Task brief:
Transcribe the records below word for word, beginning with the first line and stopping after the line that contains "Laptop Screen Extender"; pictures are not part of the copy.

======== Dataset records ========

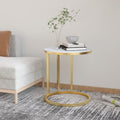 vidaXL Beistelltisch Golden und Weiße Marmor-Optik 45 cm Hartglas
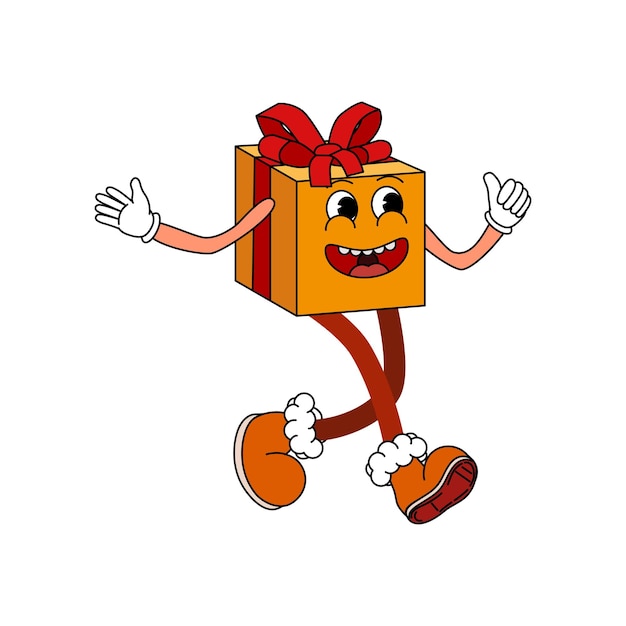 Caja de regalo Dibujos animados divertido cómic retro Personaje de Navidad manos enguantadas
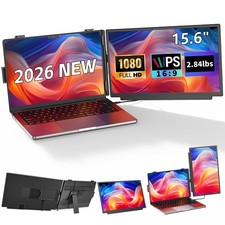 Laptop Screen Extender 15.6 Inch, FHD 1080P 15.6'' Dual Screen, black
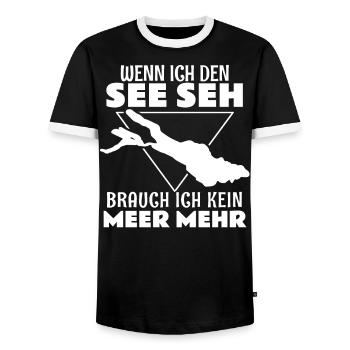 Bodensee Wenn ich den See seh Urlaub - Männer Kontrast-T-Shirt - Schwarz/Weiß - Vorne - AI Model Female 172 light (172cm) & AI Model Male 178 light (178cm)
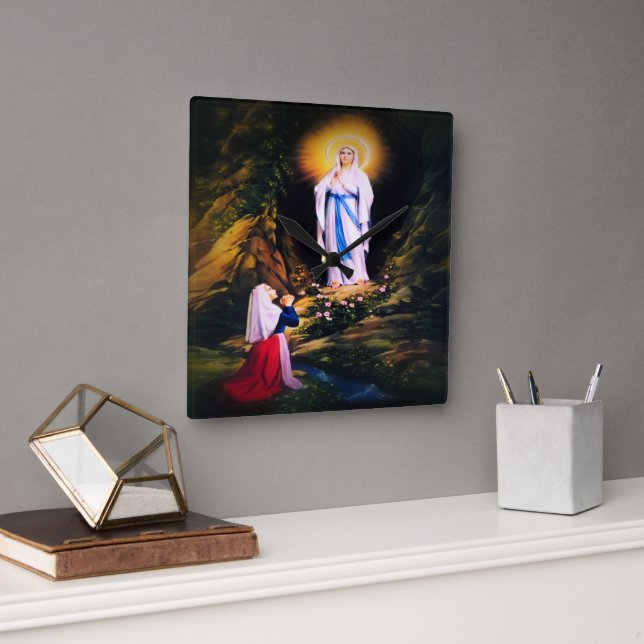 Reloj Cuadrado Nuestra Señora de Lourdes (Oficina)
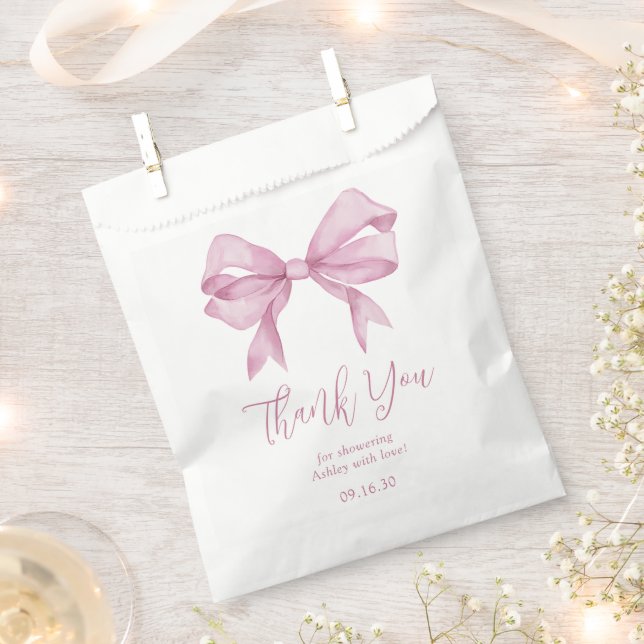 Pink Bow Girl Baby Shower Thank You Favour Bags (Clipped)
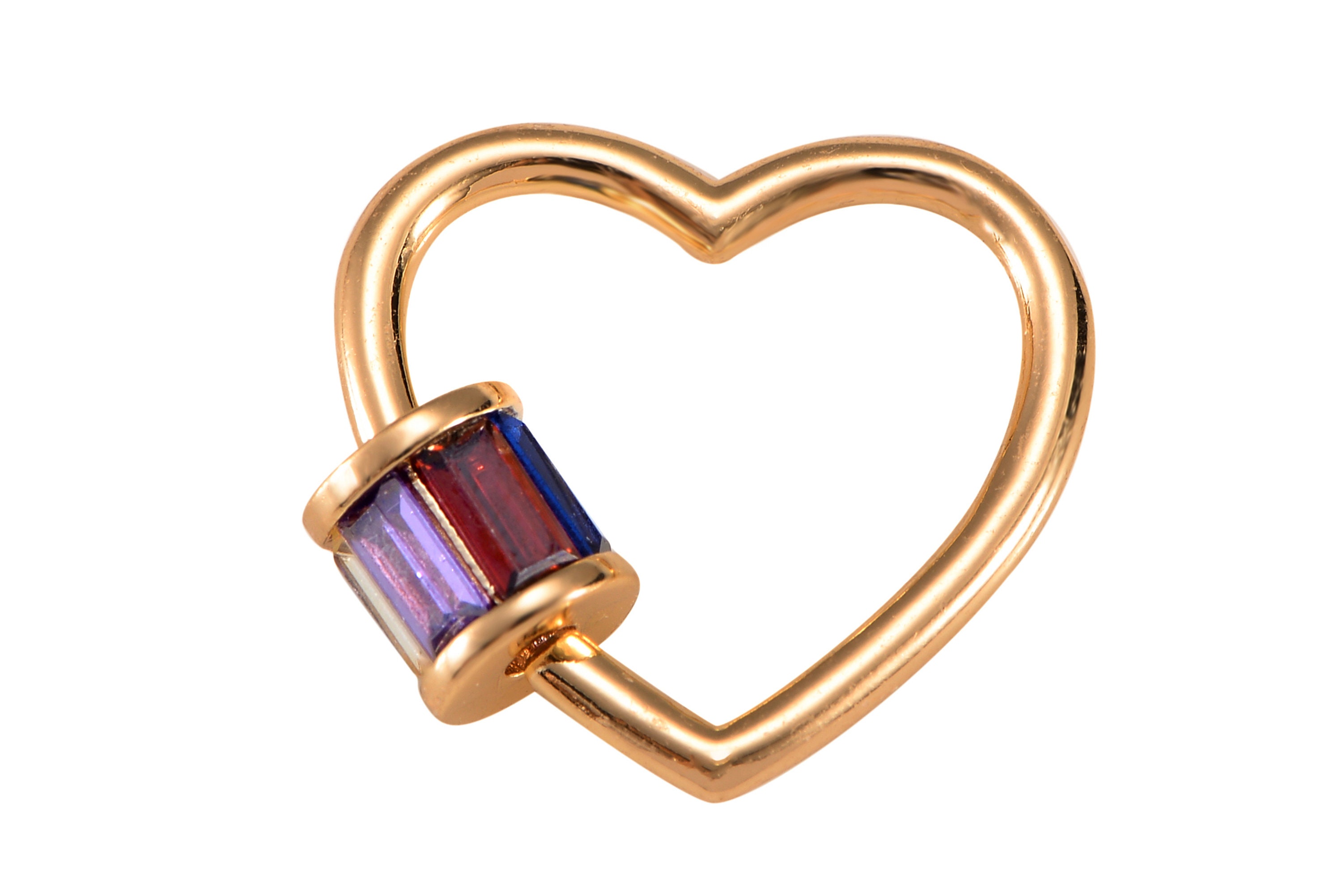18k Gold Heart With Multi Color CZ Carabiner Clasp Diamond CZ Oval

========

Solution to this exercise:
 vidaXL Beistelltisch Golden und Weiße Marmor-Optik 45 cm Hartglas
 Caja de regalo Dibujos animados divertido cómic retro Personaje de Navidad manos enguantadas
 Laptop Screen Extender 15.6 Inch, FHD 1080P 15.6'' Dual Screen, black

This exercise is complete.